BEGIN Recorded data

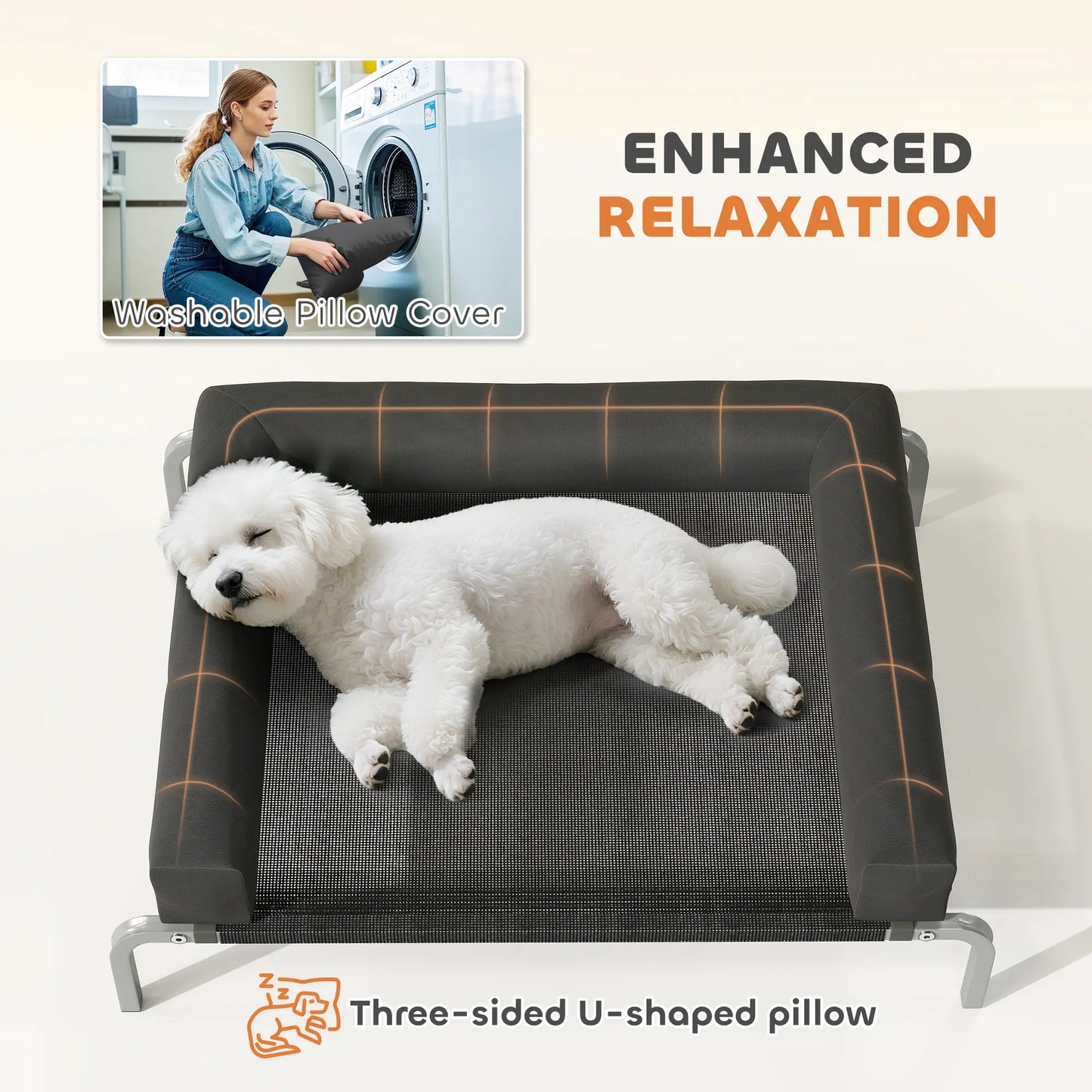 Elevated Dog Bed, Portable Raised Cot, Breathable Mesh, Water-Resistant Bolsters, Black Elevated Dog Beds at Gallery Canada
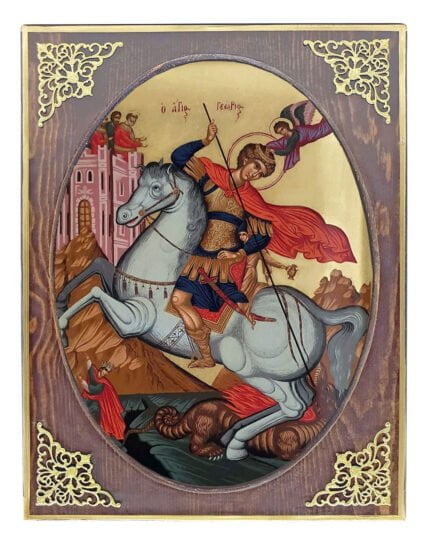 Icon Saint George on horseback mirror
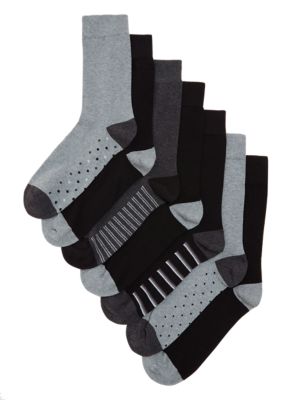 

Mens M&S Collection 7pk Cool & Fresh™ Assorted Socks - Grey Mix, Grey Mix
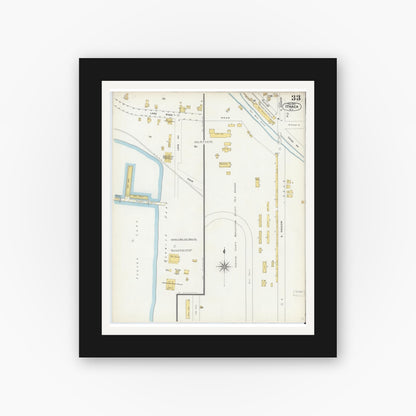 Old map wall art mockup — black gallery frame with white mat — Sanborn Fire Insurance Map from Ithaca, Tompkins County, New York (1904), Sheet #0033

END Recorded data

- Task goal
Reproduce exactly and only the lines from the line that contains "Icon Saint George on horseback mirror" to the end of the data above, both ends included. No pictures go in the copy.

- Finished task
 Icon Saint George on horseback mirror

Mens M&S Collection 7pk Cool & Fresh™ Assorted Socks - Grey Mix, Grey Mix
 Old map wall art mockup — black gallery frame with white mat — Sanborn Fire Insurance Map from Ithaca, Tompkins County, New York (1904), Sheet #0033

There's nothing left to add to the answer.